After taking some time to enjoy the baseball history and memorabilia at the Hall -- which will be celebrating its 75th anniversary this summer -- he talked about the impact that travel and tourism has on our country.

Today, I’m here in Cooperstown to talk about some new steps that will lead to more tourism not just within America but getting more folks to come and visit the treasures, the national treasures that we have all across this country, including the Baseball Hall of Fame right here in Cooperstown -- because tourism translates into jobs and it translates into economic growth.

"When visitors come here, they don't just check out the Hall," the President explained. "They rent cars; they stay in hotels; they eat at restaurants. And that means for upstate New York, the Baseball Hall of Fame is a powerful economic engine."

President Barack Obama feigns throwing a ball during a tour of the Baseball Hall of Fame in Cooperstown, N.Y., May 22, 2014.

President Barack Obama feigns throwing a ball during a tour of the Baseball Hall of Fame in Cooperstown, N.Y., May 22, 2014. The ball was originally thrown by President Taft, the first President to throw a first pitch. Baseball Hall of Fame President Jeff Idelson is at left and Hall of Famer Andre Dawson is at right. (Official White House Photo by Pete Souza)

And the Hall of Fame is only one example. Last year alone, U.S. travel and tourism were responsible for $1.5 trillion in economic activity, which supported nearly 8 million jobs in communities all across America.

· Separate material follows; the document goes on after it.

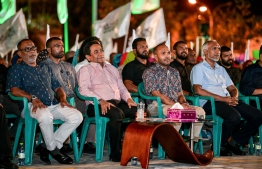 ބުއްދިވެރިއަކު ނުކުރާނެ ދެ ކަމަކީ ދީނަށް ބަދުބަސް ބުނުމާއި ސަގާފަތަށް ފާޑުކިޔުން: ޔާމީން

"When it comes to tourism, the good news is we've got a great product to sell," the President said. He recounted his walk yesterday from the White House to the Department of the Interior building, and talked about the tourists he met from Germany, Israel, Brazil, China, and Ukraine on the National Mall.

"The fact that people come from all over the world to see our parks, to see our monuments, is something we should take great pride in as Americans," he said. "And it's good for our economy." How good? Since 2010, America's travel and tourism industry has added nearly 580,000 jobs.

But despite this success, President Obama isn't growing complacent. That's why he announced new executive actions to encourage even more international travelers to visit the U.S., and to make it easier for them to do so.

"I want to turn the 70 million tourists that came last year into 100 million each year by the beginning of the next decade," the President said.

Although he admitted that "creating good jobs isn't always easy," he reiterated his faith that we can rise to the challenge:

Just as our parents and our grandparents faced challenges a lot tougher than the ones we face, and just as they went ahead and built an economy where hard work was rewarded and responsibility was rewarded, and opportunity was open to all people, we can do the same.  They passed those values on down through the generations. They passed them down to us.  And when you come to the Baseball Hall of Fame, part of what you’re learning is that there is some eternal, timeless values of grit and determination and hard work and community, and not giving up, and working hard.  Those are American values -- just like baseball.

And there’s no reason we can’t do the same.  That’s what I’m going to be working on as long as I’m President of the United States.  I’m going to be fighting to make sure that those values live out in better jobs, higher wages, stronger economy, stronger communities.  And I hope you’ll join me.